Puedo imaginarme, sin demasiados problemas de conciencia, el
hecho cierto, triste y hasta consumado de llegar a Barcelona, Cataluña, Países
Catalanes, oficialmente como extranjero y sentirme, pese a todo, igual que siempre
que salgo de casa sin llegar a salir, por completo, de ella. Es decir, siempre que
salgo de Mallorca y me dejo invadir por la fascinación y por el asombro ante
los infinitos mundos que voy descubriendo, pese a todo, en el extraño mundo que
es uno mismo y son los demás y somos todos.
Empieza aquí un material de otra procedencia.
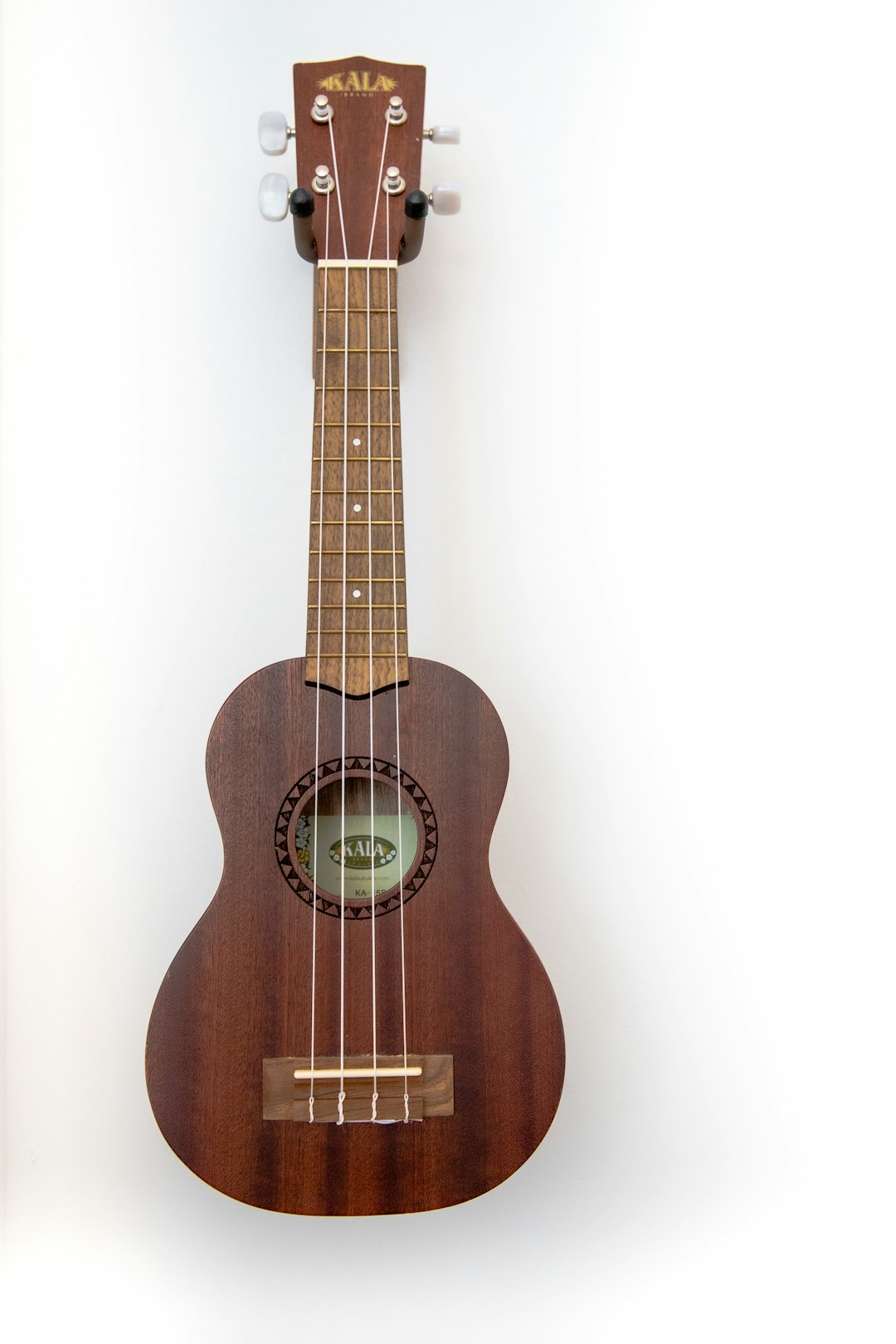 brown acoustic guitar on white background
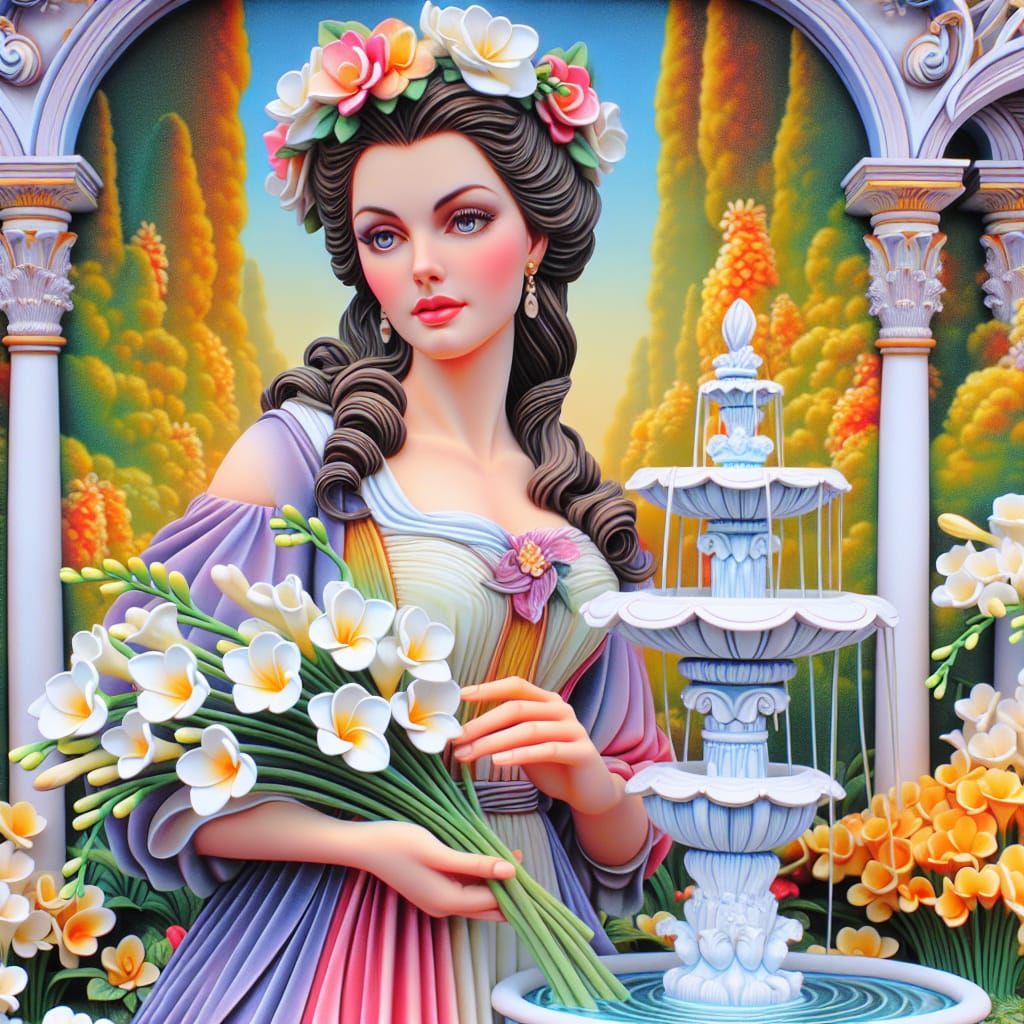 Disney Pixar style 3D beautiful woman, wearing a floral dres...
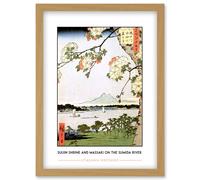 Artery8 Utagawa Hiroshige Suijin Shrine & Massaki On The Sumida River Painting Artwork Framed Wall Art Print A4 in Light Oak Artery8 Light Oak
Será, pues, que las coordenadas afectivas no cambian por una
independencia de más o de menos, porque no existe más patria, de hecho, que la
que nos duele y nos sirve de ubicua referencia, la patria ausente, pero
solidaria y generosa, que viví durante meses en alguna urbe arrasada por entre
los áridos polígonos industriales del Vallés, la patria que nos devuelve a la verdadera
infancia del cuerpo y la mente, a los temblorosos corros de sardanas en Conde
Sallent todos los domingos y fiestas de guardar, todos los días en que uno no
tiene más remedio que abrir los ojos y mirarse muy adentro y también muy lejos;
y se ve ínfimo y, a la vez, enorme sobre un destartalado caballo de cartón, media
docena larga de sueños vencidos y todo el universo, todavía, por recorrer.
Es en este punto donde evito la tentación de citar a Pío Baroja o a Juan Ramón. A Pere Gimferrer
o a cualquiera de los Goytisolo. A León Felipe o a Cristóbal Serra. En todos ellos me encuentro la misma manera, tan
española, de ser españoles. Incluso a su pesar.